We're not sure if Tom Perrelli helped the RIAA in their case against terminally ill Ciara Sauro, but as co-chair of the law firm Jenner & Block’s entertainment and new media practice he has represented the RIAA in a number of file-sharing cases. Perrelli -- who also served the position during the Clinton administration -- is a much more interesting choice this decade considering the sue-happy RIAA's role in file sharing and piracy litigation. Oh, and the entertainment industry’s $7,669,442 in contributions to the Obama campaign only makes it juicier.
As Digital Daily's John Paczkowski reported last week, among President-elect Barack Obama's four former Clinton administration officials appointed to leadership posts in the Justice Department last Monday was the favored counsel of the Recording Industry Association of America. Perrelli has represented the RIAA in a number of file-sharing cases, as stated prominently in his official biography: “Mr. Perrelli regularly represents the recording industry in cutting-edge intellectual property, technology, and anti-piracy litigation. He has represented the recording industry in a host of cases arising under the Digital Millennium Copyright Act (DCMA), as well as in copyright infringement and digital piracy litigation.
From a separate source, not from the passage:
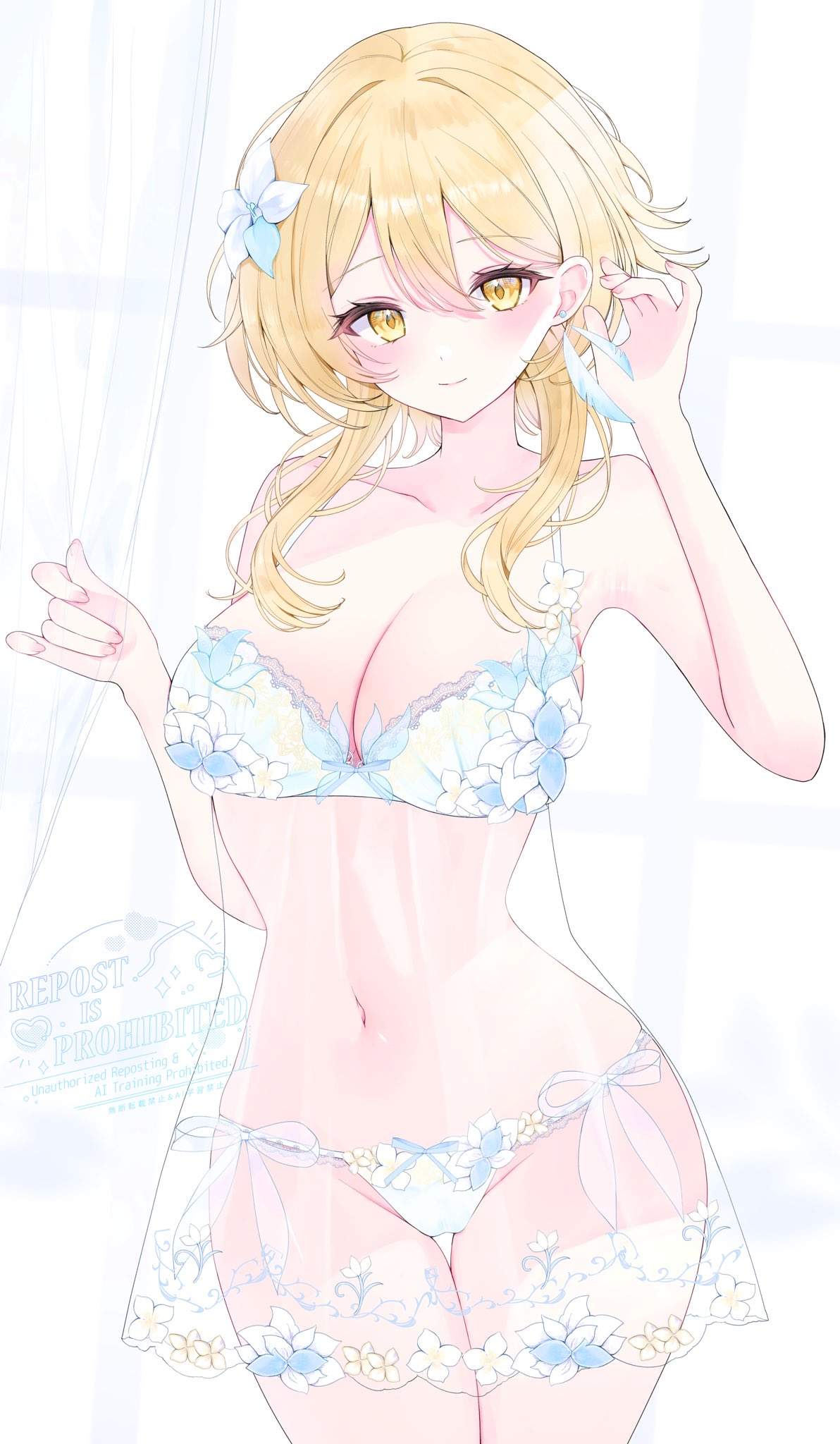 1girls, blonde female, blonde hair, breasts, female, genshin impact, hoyoverse, lingerie, long hair, lumine (genshin impact), mihoyo, white lingerie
He has also represented the record industry and recording artists in a series of copyright royalty proceedings before the Copyright Royalty Board.”
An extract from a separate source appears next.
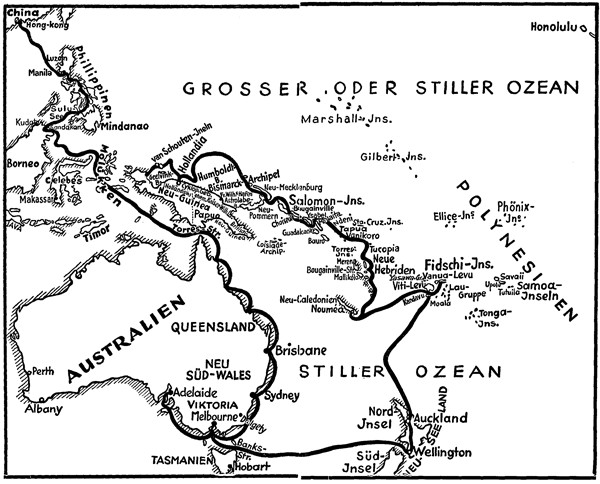 Reiseroute der Verfasserin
To be clear, Perrelli has represented the RIAA in lawsuits against individual file sharers, like one filed in Michigan accuses a university student of distributing "hundreds of sound recordings over his system without the authorization of the copyright owners," and one against a Princeton University student makes similar arguments. Perrelli and his colleagues also tried to force Charter Communications to give up the names of 93 file-trading subscribers.
A 2004 summary of a Boston lawsuit written by Harvard's Berkman Center -- which opposed the RIAA in this and a current case -- quotes Perrelli as telling a federal judge that it would be easy to determine who was using a wireless network to share music. "It is correct that the actual downloader may be someone else in the household," he said, but any errors can be determined easily after a "modest amount of discovery."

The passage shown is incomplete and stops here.